▶ _WHAT TO DO_: Beneath this task are the entries; from the line with "this 1200×675 image." through the last one, transcribe every line exactly and nothing else, skipping pictures.

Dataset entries
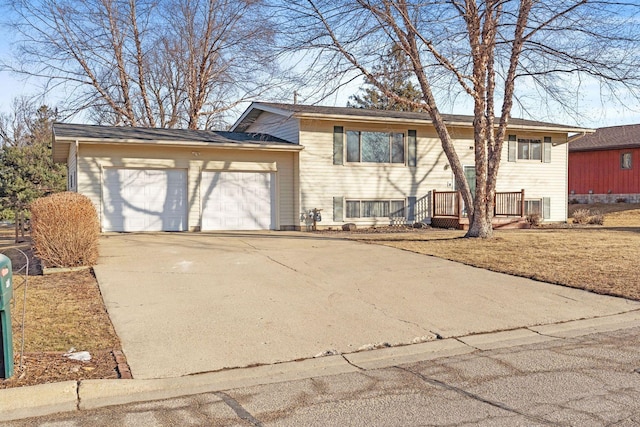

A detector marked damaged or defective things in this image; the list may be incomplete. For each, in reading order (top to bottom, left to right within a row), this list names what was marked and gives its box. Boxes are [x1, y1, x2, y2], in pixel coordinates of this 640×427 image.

driveway crack [216, 392, 264, 427]
driveway crack [400, 366, 560, 426]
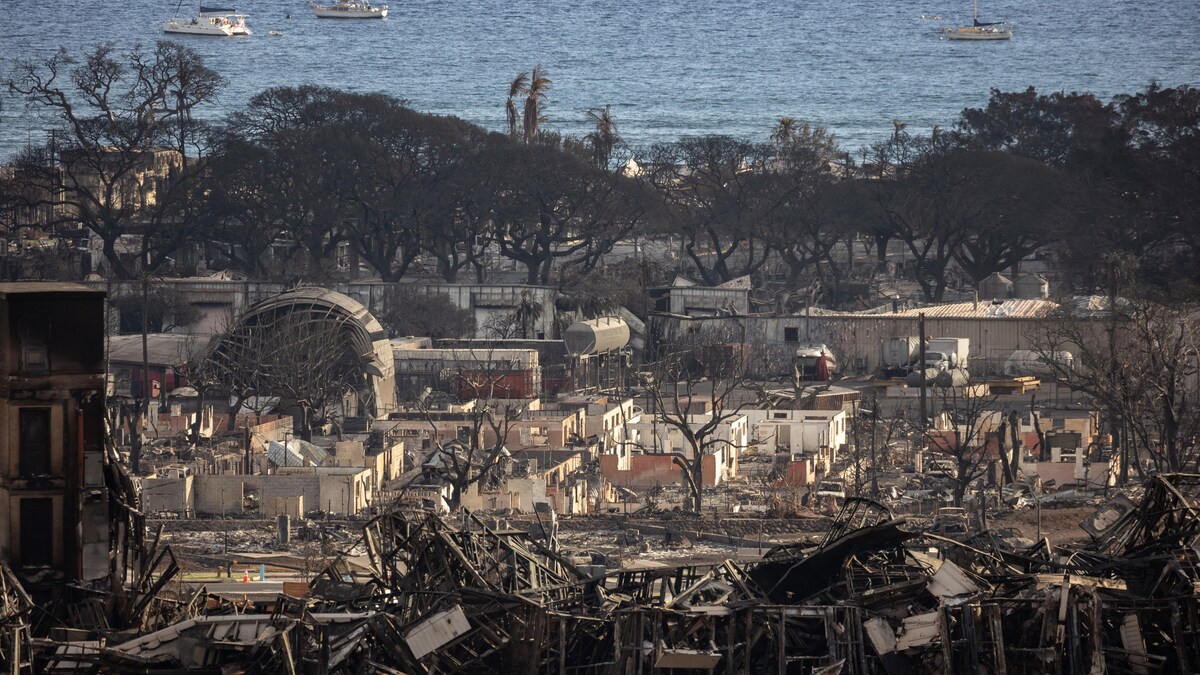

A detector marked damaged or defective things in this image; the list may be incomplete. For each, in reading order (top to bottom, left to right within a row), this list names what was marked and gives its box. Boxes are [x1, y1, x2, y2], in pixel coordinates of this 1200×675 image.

charred debris pile [7, 475, 1200, 667]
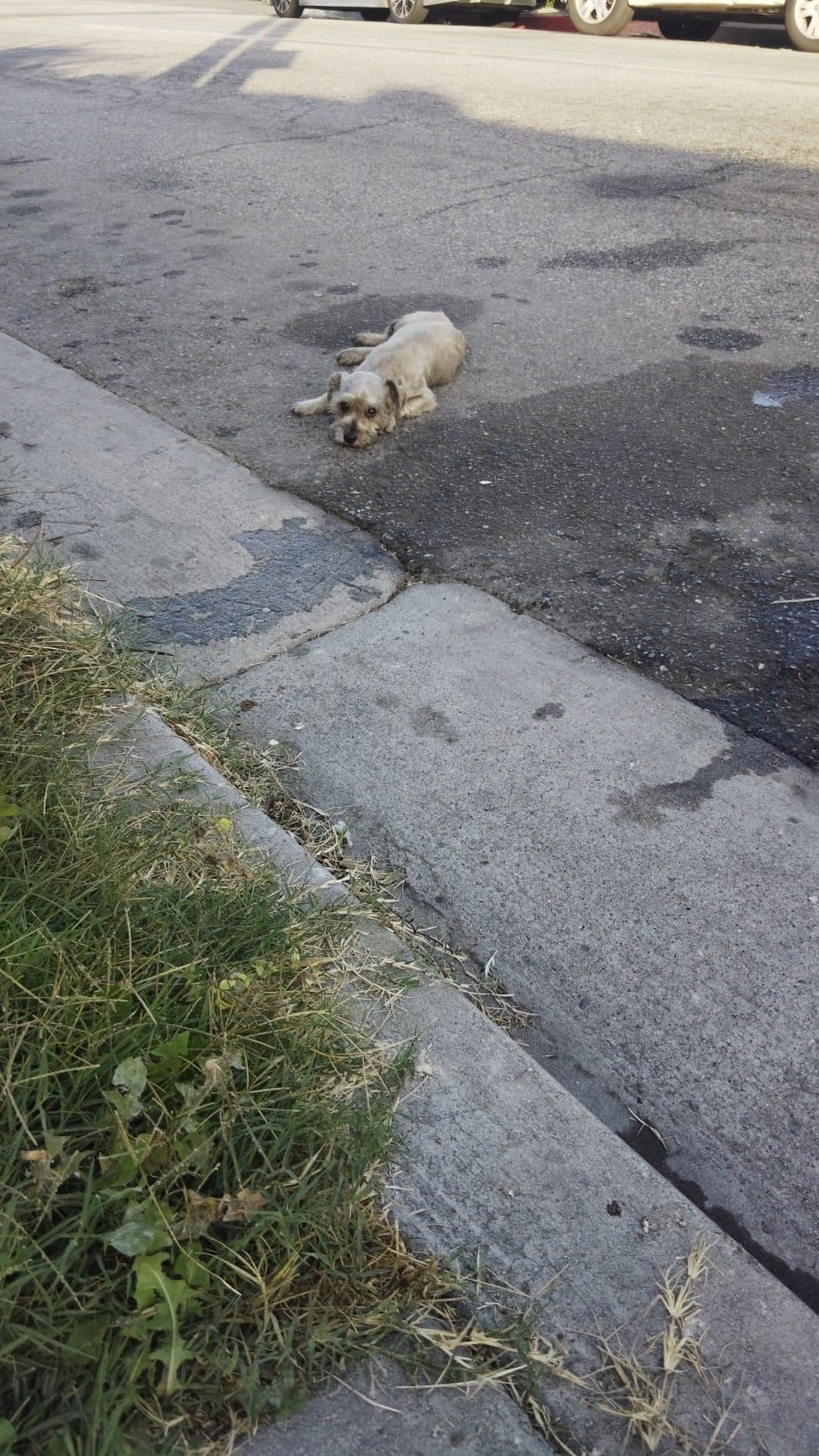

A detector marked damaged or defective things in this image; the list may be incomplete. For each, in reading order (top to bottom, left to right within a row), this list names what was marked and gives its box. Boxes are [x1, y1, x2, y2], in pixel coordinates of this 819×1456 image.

cracked asphalt [2, 0, 819, 767]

▶ _OUTPUT BELOW_:
A detector marked damaged or defective things in this image; the list may be incomplete. For each, in reading order (top to bottom, left to right within a row), this list names what was marked and gives its box. Boxes are [x1, y1, x2, y2], in pixel coordinates of this 1200×675 image.

charred debris pile [7, 475, 1200, 667]

A detector marked damaged or defective things in this image; the list may be incomplete. For each, in reading order (top to bottom, left to right within a row), this list names what was marked and gives its box. Boxes are [x1, y1, x2, y2], in pixel coordinates of this 819×1456 image.

cracked asphalt [2, 0, 819, 767]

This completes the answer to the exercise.